Since we have only had thermometers since the early 1700s, scientists in trying to put together the temperature history of our planet are forced to use “proxies,” or substitute data that points at temperature. A proxy is reliable if it can accurately gauge current temperatures where other measurements are available for comparison, say the 20th Century. In fact, ice cores are reliable. The above graph only goes forward to 1950, but note two things: One, it was very warm during the Roman and Medieval Warm periods, far more than now, and as we know, civilization thrived during those times.  The peak to the left of the Roman Warm period is known as the Minoan, warmer still than its successors.

Our current warming is the Modern Warm Period.
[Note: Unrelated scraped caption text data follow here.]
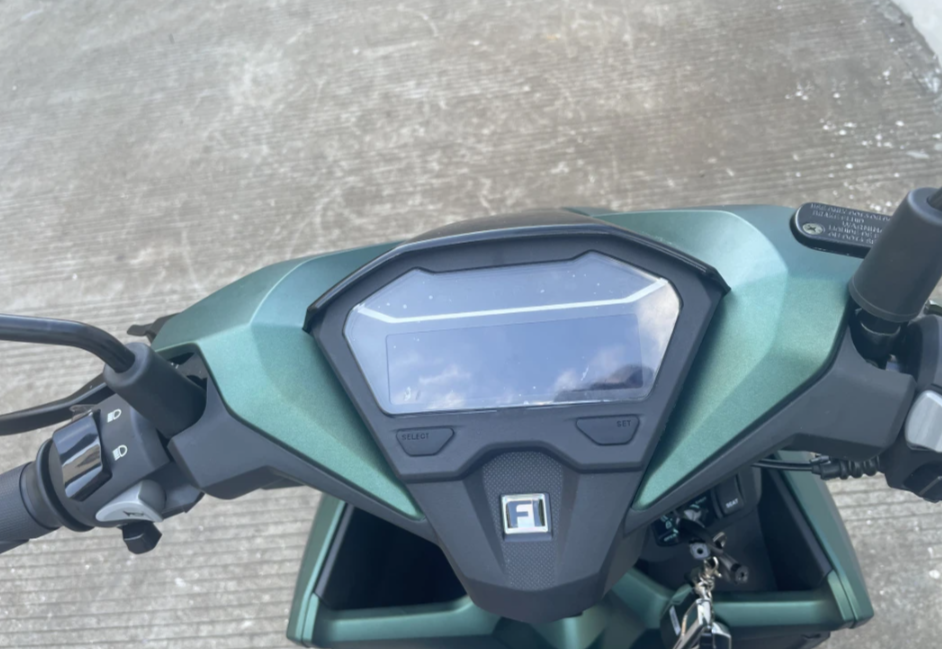 Скутер PROMAX INFERNO 250 (49) в Кирове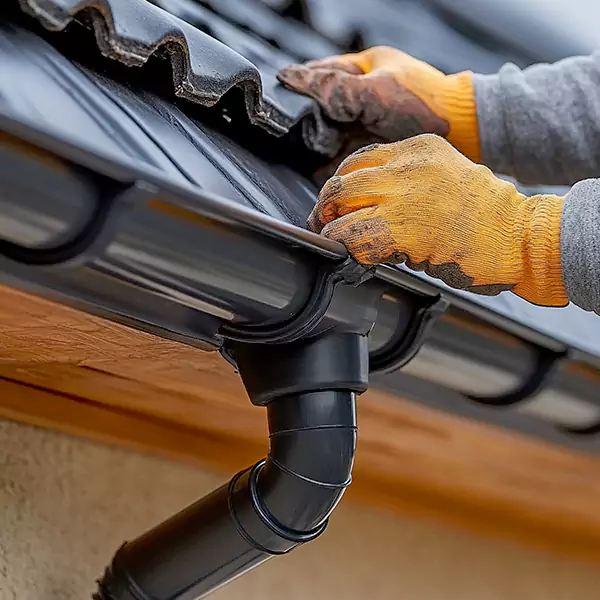 Why evansville Homeowners Choose Ideal Roofing Inc. for Gutter Repair?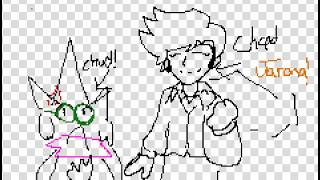 DELTARUNE CHAPTER 5 | Flower Man HARDTEKK Remix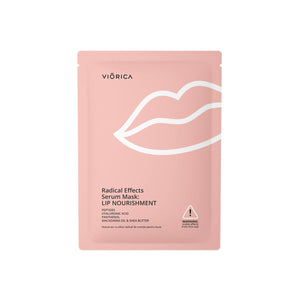 Mască-ser cu efect radical de nutriție pentru buze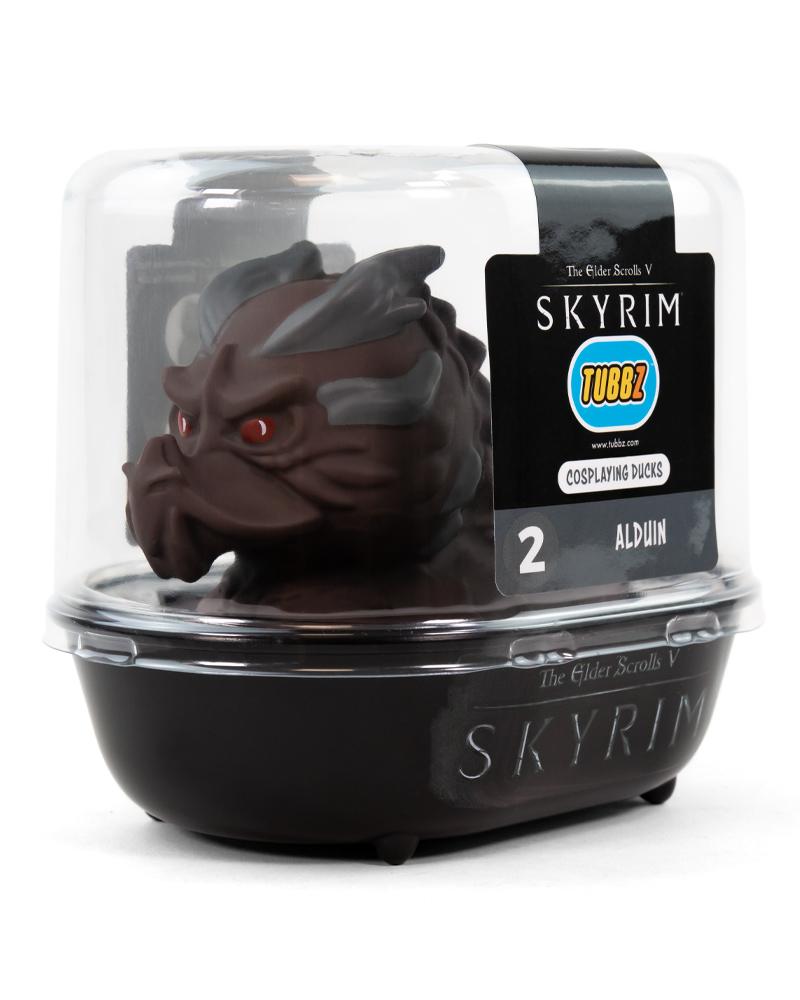 Kachna Alduin (první vydání)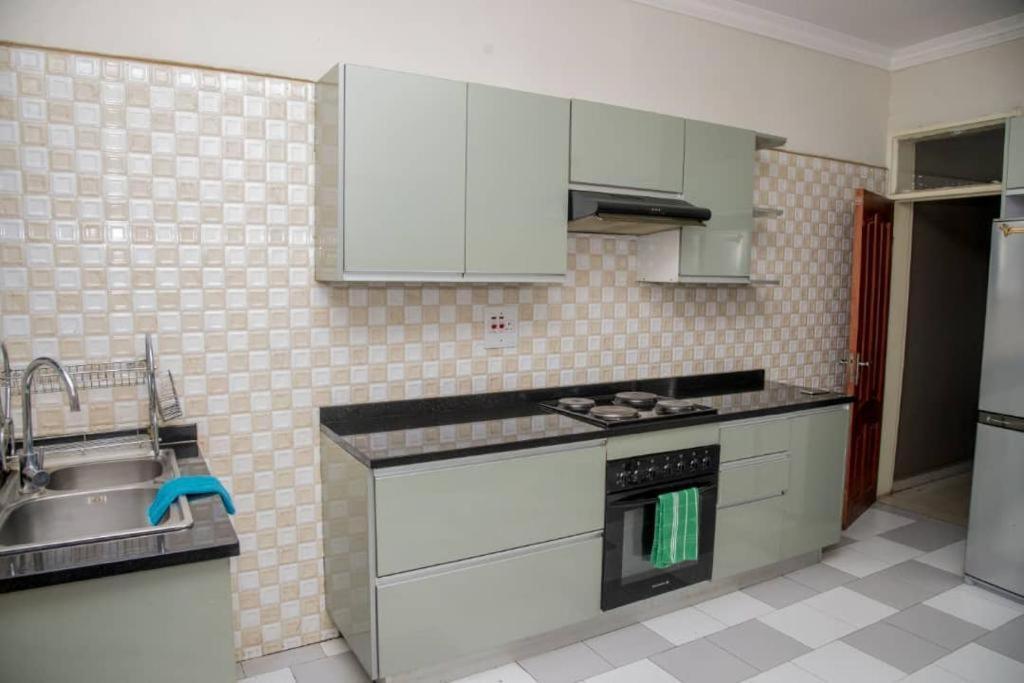 Royal Suites Apartments Lusaka Exterior foto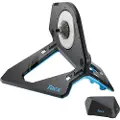 Garmin NEO 2T, 85 Nm, ANT+ aktivert, Kontrollampe, Svart, Blå, Sykkelrulle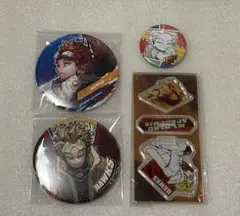 僕のヒーローアカデミア ヒロアカ ホークス セット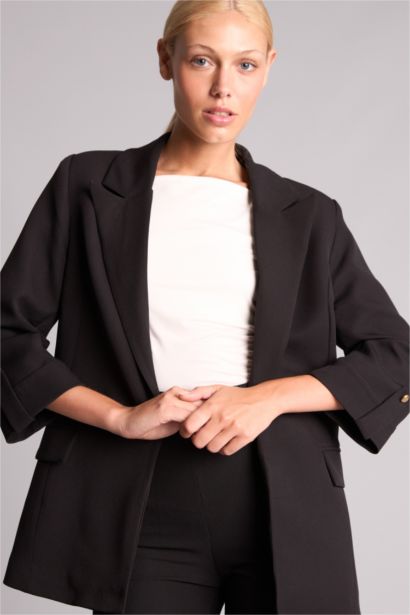 Oversize Fit Blazer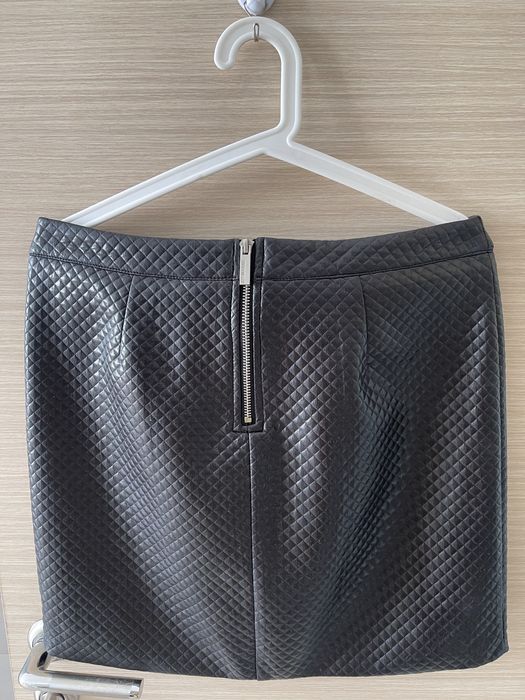 Продам юбку из эко-кожы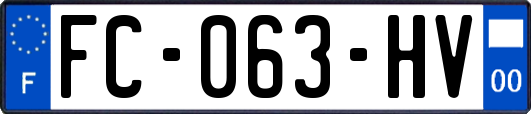 FC-063-HV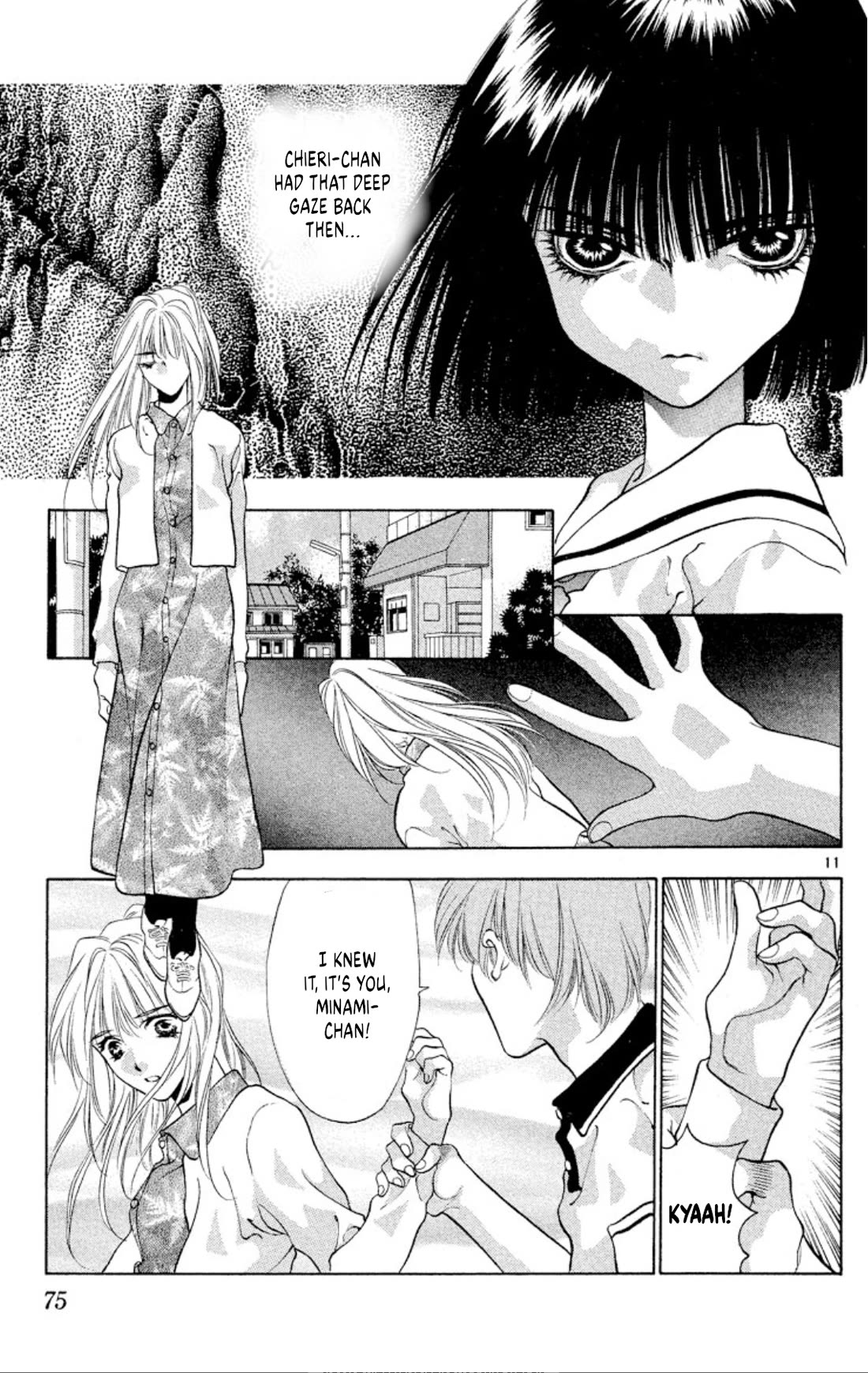 Onikirimaru Chapter 95 - Page 11
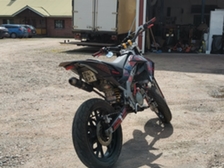 Aprilia SX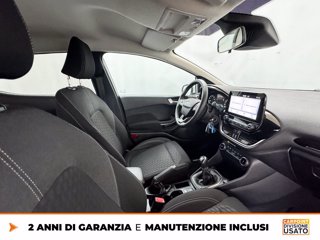 FORD Fiesta 5p 1.1 titanium gpl 75cv GPL 5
As you can see from the graph, the general trend is a decline. We are on the tail end of an interglacial period, which in our planet’s history have lasted anywhere from 10-15,000 years.

The hockey stick

This is the famous “Hockey Stick,” produced by Michael Mann and others for the Intergovernmental Panel on Climate Change (IPCC) and for use in Al Gore’s movie, An Inconvenient Truth. Mann also used a proxy, temperature tree ring records, the most influential in his work a bristlecone pine from high and arid mountains in the southwest United States. (According to McIntyre and McKittrick, who replicated Mann’s work, all the rest of Mann’s data was just white noise. The Hockey Stick was a bristlecone product.) Tree ring records are not reliable in terms of a temperature gauge, as they are affected by climate itself, and by CO2 levels. The group that originally collected the data on bristlecones specifically warned that they should not be used for temperature reconstruction, but Mann ignored them.

And the reasons are clear enough from the Climategate emails, where we learned that Mann was tasked with eliminating the Medieval Warm Period and told to “hide the decline”, that is, the flattening of temperatures since 1998.  To do the former he had to avoid reliable data, and instead chose the bristlecones. So while hundreds of thousands of years of reliable temperature data was available from ice cores, Mann chose to avoid that data and rely on tree rings instead. His work is essentially dishonest more than incompetent. I suspect that he was instructed by “closeted friends” to achieve a predetermined result by any means available.

This is just a taste of the dishonesty abundant in the climate alarmist movement. I am currently immersed in the HBO series Game of Thrones, which paints a deplorable image of human beings so that only the treacherous and dishonest have a chance of survival. The Climate Alarmist movement leaves me with a similar feeling. Diogenes need not knock on any of their doors.